Problem to solve: Every entry should come back exactly as written, minus the pictures.

★ ★ ★ ★ ★

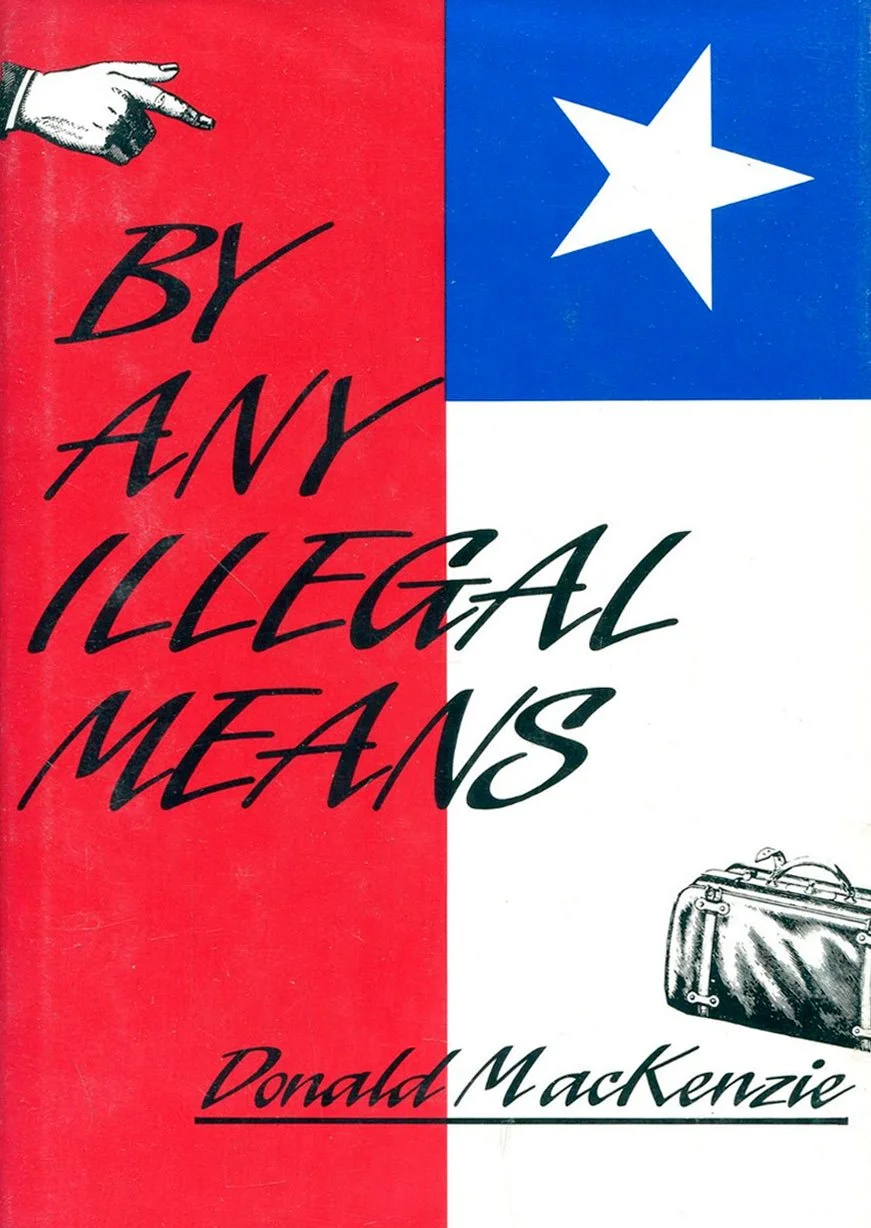 Book cover titled "By Any Legal Means" by Donald MacKenzie, with a red, white, and blue background, featuring a pointing hand illustration and a briefcase.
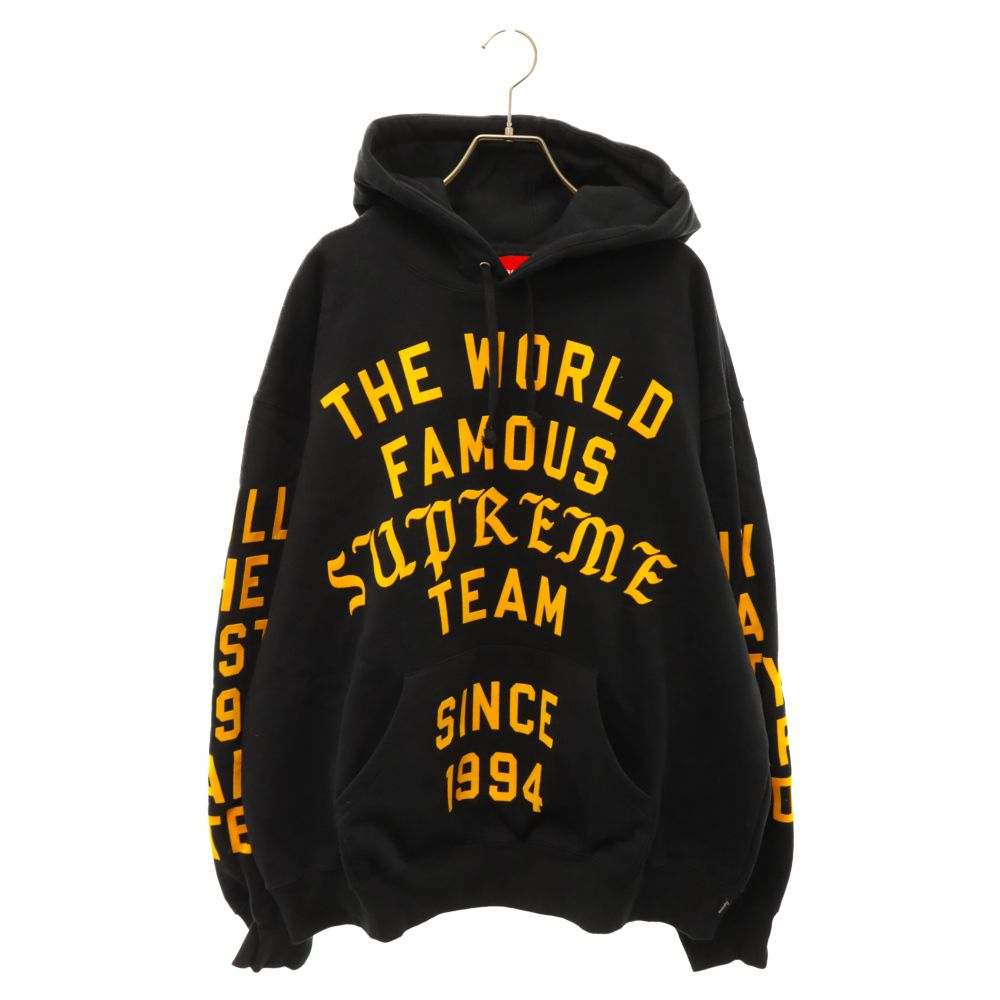 SUPREME (シュプリーム) 23SS Team Flocked Hooded Sweatshirt チームフロックプルオーバースウェットパーカー  ブラック - メルカリ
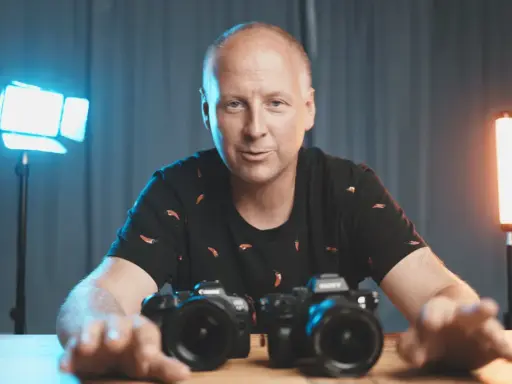 Mężczyzna z aparatami przed sobą, gotowy do rozpoczęcia kursu fotografii.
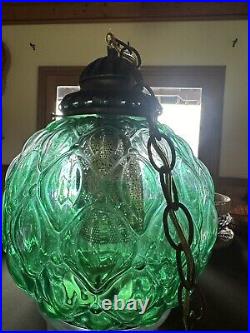 Vintage MCM Green Globe Hanging Swag Lamp with Chain WORKS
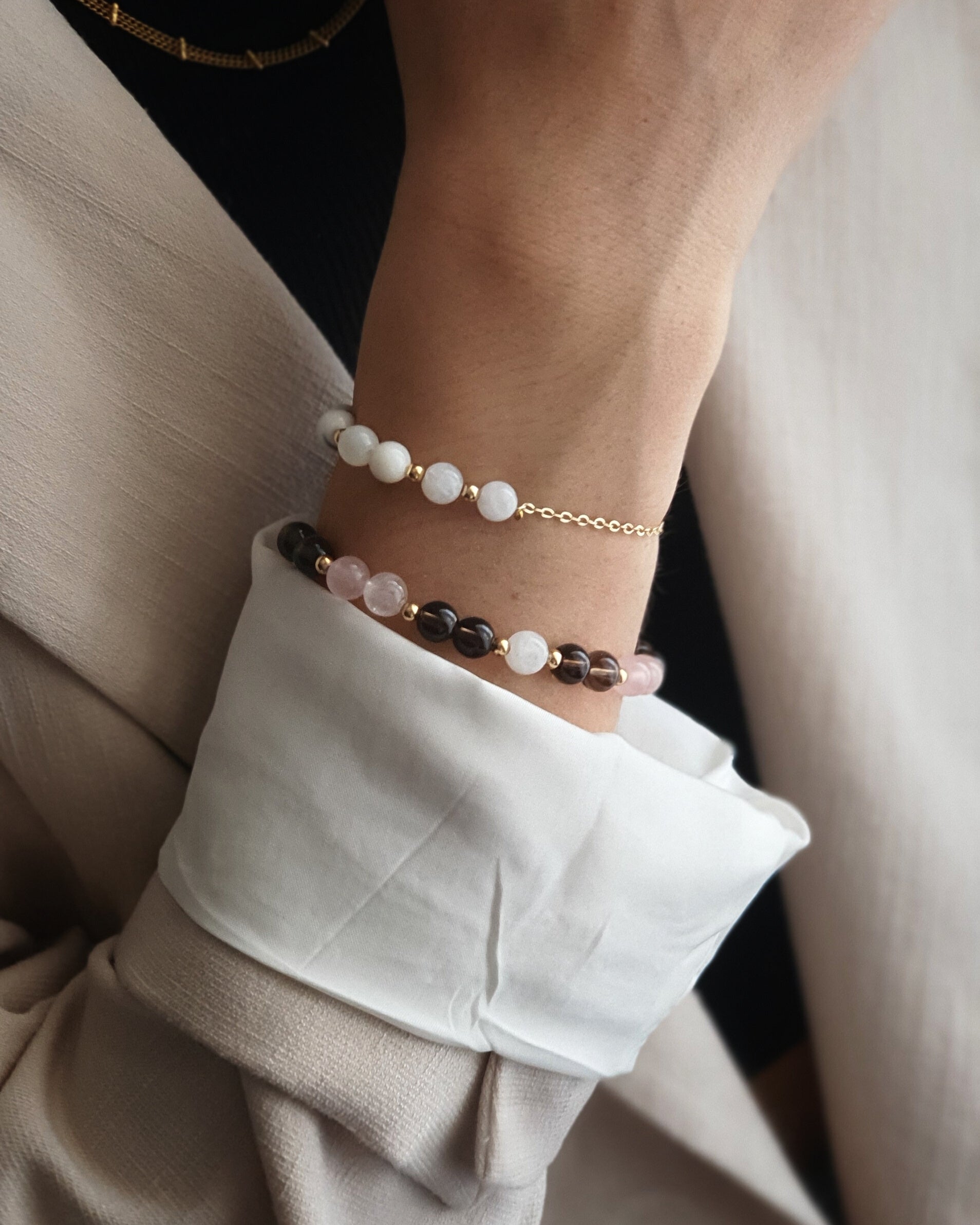 Bracelet Sebastian - Quartz rose, Quartz fumé & Pierre de Lune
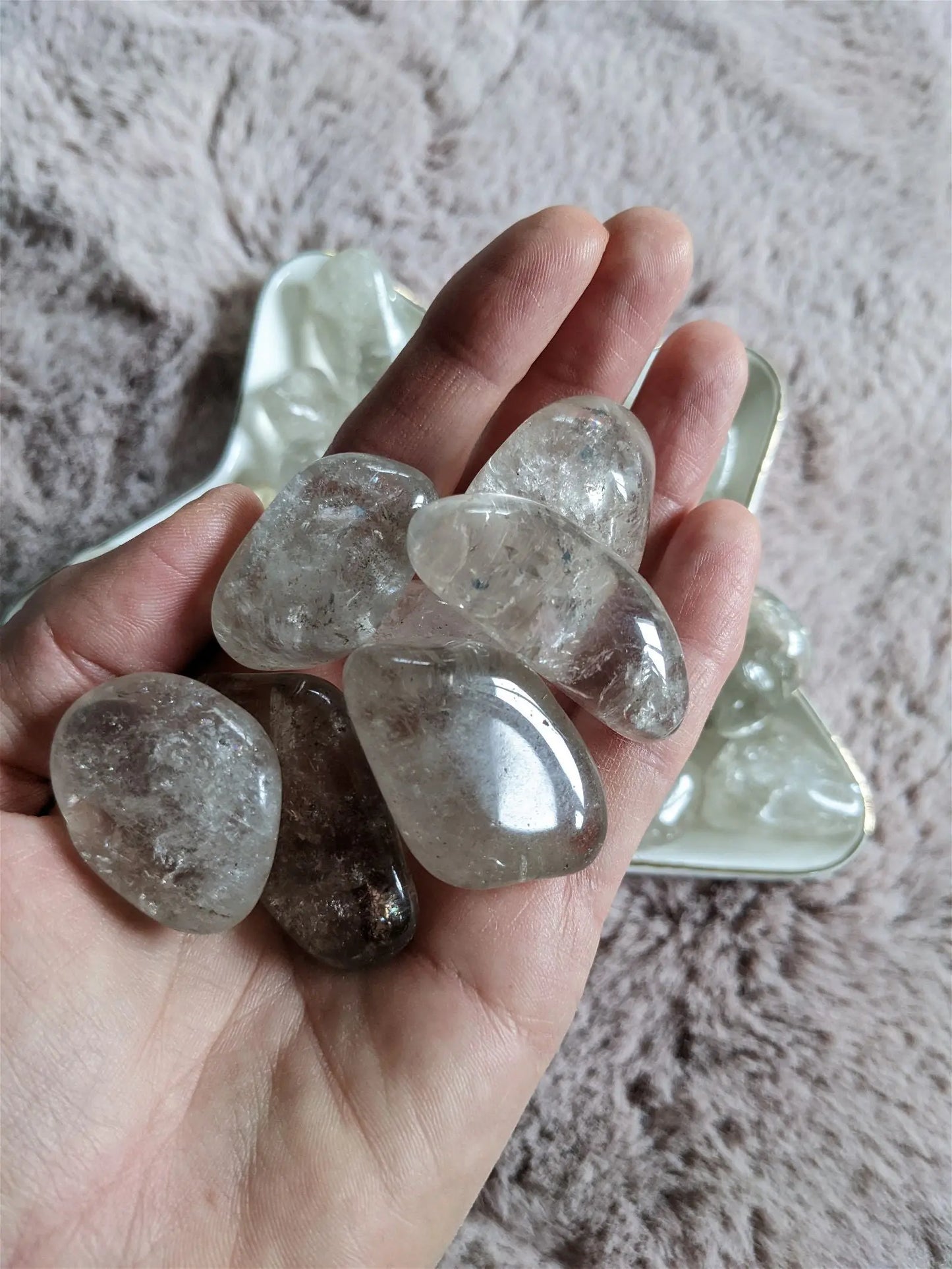 1 Pierre roulée en cristal de roche - Aurore Lune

★ ★ ★ ★ ★

Solution to the problem:
 Book cover titled "By Any Legal Means" by Donald MacKenzie, with a red, white, and blue background, featuring a pointing hand illustration and a briefcase.
 SUPREME (シュプリーム) 23SS Team Flocked Hooded Sweatshirt チームフロックプルオーバースウェットパーカー  ブラック - メルカリ
 Mężczyzna z aparatami przed sobą, gotowy do rozpoczęcia kursu fotografii.
 Vintage MCM Green Globe Hanging Swag Lamp with Chain WORKS
 Bracelet Sebastian - Quartz rose, Quartz fumé & Pierre de Lune
 1 Pierre roulée en cristal de roche - Aurore Lune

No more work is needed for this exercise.